Así que entendí aquella mudanza como un regalo del destino que me llevaría irremisiblemente a convertirme en un futuro no muy lejano en un fijo de la selección de Kubala. En la calle San Sebastián, nuestro domicilio anterior, era imposible romper en futbolista con una pelota gigante de Nivea en una diminuta casapuerta de tres por tres. Pero en Crevillet, donde había un campo de fútbol en cada esquina y partidos a todas horas, mi ascensión al olimpo de los dioses del balón estaba cantada. Lo que allí disputábamos no eran exactamente partidos, sino desafíos, palabra que tenía un componente épico añadido del que carecían los enfrentamientos en el recreo del colegio. Que los de Fermesa me han pedido un desafío. Que los de la barriada La Playa dicen que estamos cagaos y que por eso no queremos desafíos contra ellos. Que los de Los Marineros quieren repetir el desafío del sábado porque el gol que nos dio la victoria fue alta. Y que les devolvamos las Caseras, que si no nos vamos a enterar.

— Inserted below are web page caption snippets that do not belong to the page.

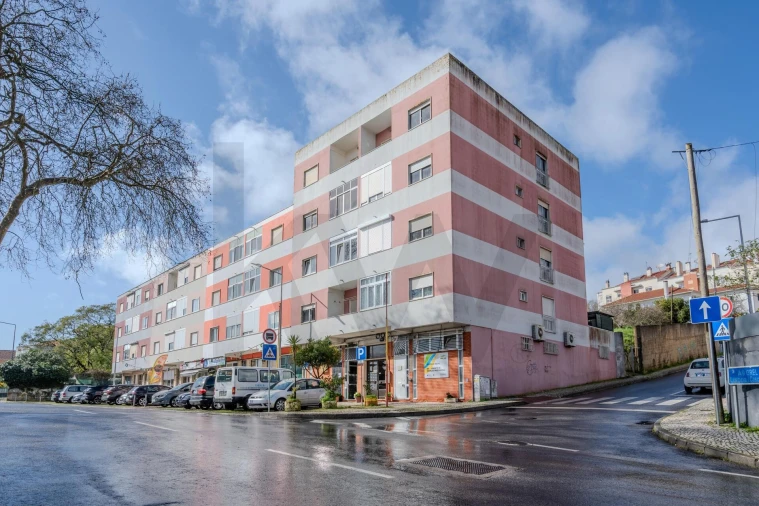 Apartamento T2 para Venda em Queluz e Belas Foto 39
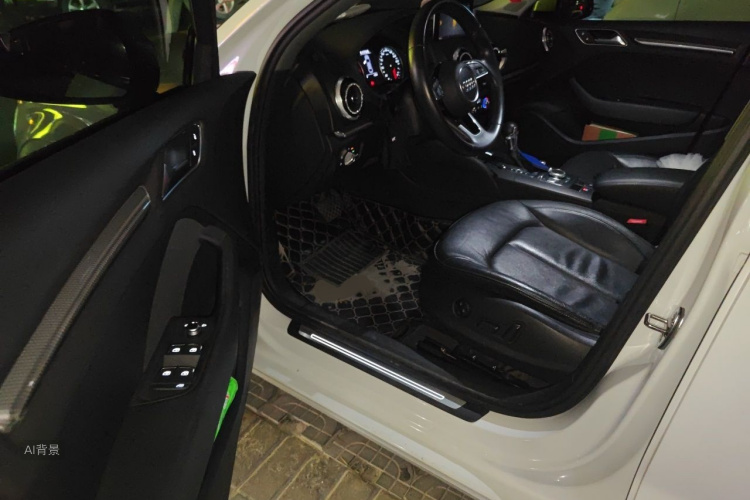 Audi A3 2018 car image #18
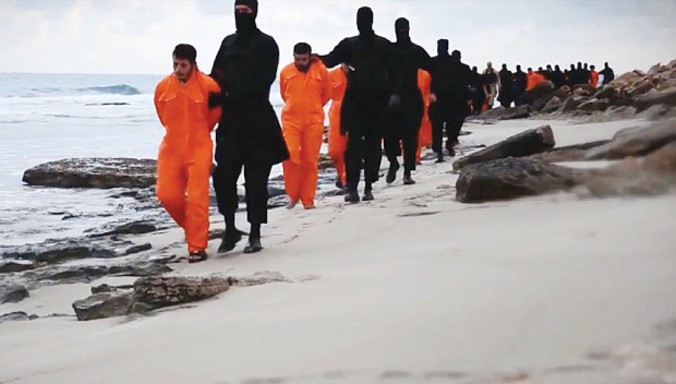 Bắt cóc con tin và đưa lên mạng xã hội cảnh hành quyết là một trong những hành động tàn bạo của IS. Ảnh: Telegraph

Justo enfrente de mi calle, en la barriada San Francisco Javier, vivía un chaval algo mayor que yo, del que me hice pronto amigo, que manejaba las dos piernas con exquisita solvencia y remataba de cabeza como si fuera Santillana. Además, mientras todos los del equipo salíamos a jugar con los dientes apretados y con la cara de los indios en las películas del Oeste, él saltaba al campo siempre riéndose, como el que va a contar chistes en un bautizo en lugar de a jugarse la vida contra los enemigos acérrimos de la barriada de enfrente.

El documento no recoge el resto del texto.